In 2007, the FBI wrote a fake news story about bomb threats in Thurston County, Washington, and then sent out e-mail links "in the style of the Seattle Times."
The details have now been published by that very same newspaper, which today carries a story including outraged quotes from a Seattle Times editor. The FBI put an Associated Press byline on the fake news story, which was about the bomb threats in Thurston County that they were investigating.
“We are outraged that the FBI, with the apparent assistance of the US Attorney’s Office, misappropriated the name of The Seattle Times to secretly install spyware on the computer of a crime suspect,” said Seattle Times editor Kathy Best. "Not only does that cross a line, it erases it."

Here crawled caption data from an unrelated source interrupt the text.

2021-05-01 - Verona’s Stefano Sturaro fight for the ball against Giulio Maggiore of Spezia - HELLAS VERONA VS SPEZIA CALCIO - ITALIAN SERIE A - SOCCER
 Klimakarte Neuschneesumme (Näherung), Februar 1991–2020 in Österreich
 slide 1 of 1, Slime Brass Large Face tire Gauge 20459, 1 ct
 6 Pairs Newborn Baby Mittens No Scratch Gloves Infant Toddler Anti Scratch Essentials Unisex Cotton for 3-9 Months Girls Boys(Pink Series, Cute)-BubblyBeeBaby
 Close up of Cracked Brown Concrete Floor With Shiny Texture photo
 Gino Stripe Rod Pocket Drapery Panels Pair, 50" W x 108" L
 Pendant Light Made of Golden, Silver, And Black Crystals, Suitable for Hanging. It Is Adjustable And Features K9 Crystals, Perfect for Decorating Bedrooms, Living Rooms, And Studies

The information comes from documents about the 2007 FBI operation, which were acquired via a Freedom of Information Act request and published by the Electronic Frontier Foundation in 2011. It wasn't until yesterday that ACLU Technologist Christopher Soghoian noted The Seattle Times/AP reference and published it on Twitter. That spurred the newspaper to express its outrage and get FBI response.
(Score: 2) by Ryan on Wednesday October 29 2014, @09:38PM
I feel this is as wrong as I'm sure all other readers do, but is anyone law-saavy enough to identify exactly what law the FBI broke by impersonating a company? I can't recall (relatively) many cases being won on moral grounds.
(Score: 2) by Snow on Wednesday October 29 2014, @09:42PM
Well since they installed spyware on the victom's PC, then I would suggest that it would fall under anti-hacking laws. Of course, that would also assume that these 3 letter agencies were actually accountable to someone.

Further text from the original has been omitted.